A picturesque courtyard with art studios that is easily recognized by its graffiti-painted walls. There are vintage shops and bijouterie shops, intellectual bookstores and designer showrooms, the prestigious Blanc Bar with a nearby summer veranda, and all this can be found in the courtyard between the historic buildings. The Morozovsky Garden across the street, a cozy green corner at the intersection of three lanes — Khokhlovsky, Podkopaevsky, and Bolshoi Tryokhsvyatitelsky — is also worth a look.

A modern three-level square on the outskirts of Kitay-gorod, erected at the site of a parking lot by the decision of the local residents. The main entrance with its luminous fountain is opposite the synagogue on Bolshoy Spasoglinischevsky Lane, and the ornate stairs lead to Pokrovka or to the Osip Mandelstam monument on Solyansky Cul-de-sac. Gorka is the quintessence of rich neighborhood life: people walk here with their children, play basketball, have picnics, and sunbathe.

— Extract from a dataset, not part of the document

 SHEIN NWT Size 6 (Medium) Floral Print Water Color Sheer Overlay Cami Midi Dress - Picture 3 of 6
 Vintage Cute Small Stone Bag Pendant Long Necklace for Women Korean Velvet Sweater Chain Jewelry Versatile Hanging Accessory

A contemporary art center on the site of a former winery. The cluster has several private galleries with constantly updated exhibitions, several design studios, and two lecture halls, and to the right of the entrance, there is a branch of Falanster, Moscow's main independent bookstore. At the back of the courtyard, there is a mobile street art exhibition. Part of the wall has been torn down along with its drawings, but a new one is promised to be built soon.

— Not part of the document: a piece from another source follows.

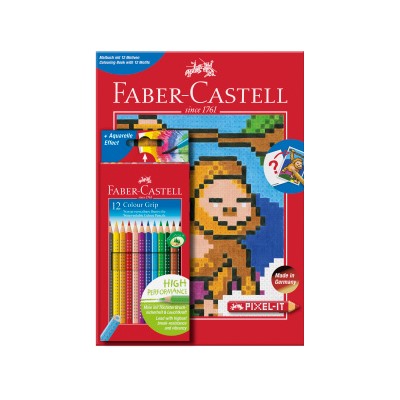 Цветные карандаши Grip, набор цветов, в картонной коробке, 12 шт + книга-раскраска PIXEL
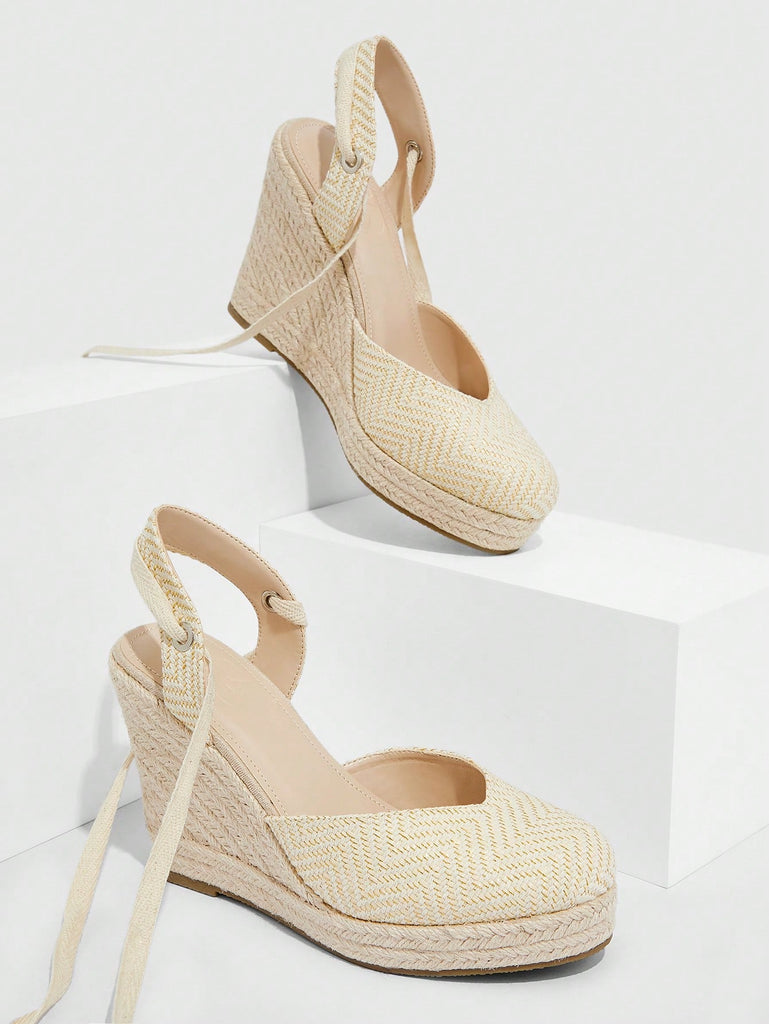 Women Chevron Pattern Strappy Shoes, Vacation Fabric Court Wedges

Another creative cluster near Kursky Station with stores, studios, and small offices. However, there is also contemporary art here: the walls of the complex were painted by French stencil artist C215, Ukrainian duo Interesni Kazki, and Russian conceptualist Misha Most. The courtyards of the buildings often host music festivals, bookstores, and vintage markets.

A record store in one of the youngest parts of the district, the Aviator art quarter, where the clubs Success and Punk Fiction are located, with non-stop concerts every weekend. Musicians from Moscow's indie bands are responsible for building the selection, records are bought at vinyl flea markets in Europe, and accompanying the showcase is a bookshelf where you'll find nearly as much music literature as in the Central House of Books.

A few years ago, the shopping center near Kursky Station was turned into a street art gallery: street art stars from all over the world were invited to paint the facades of the mall. Now, on the walls of the building, you can see the work of Time magazine cover designer Shepard Fairey, and in the covered passage to the station you'll find calligraphy by Pokras Lampas. Inside, there are three floors of clothing stores and a food court with a panoramic view of the Garden Ring.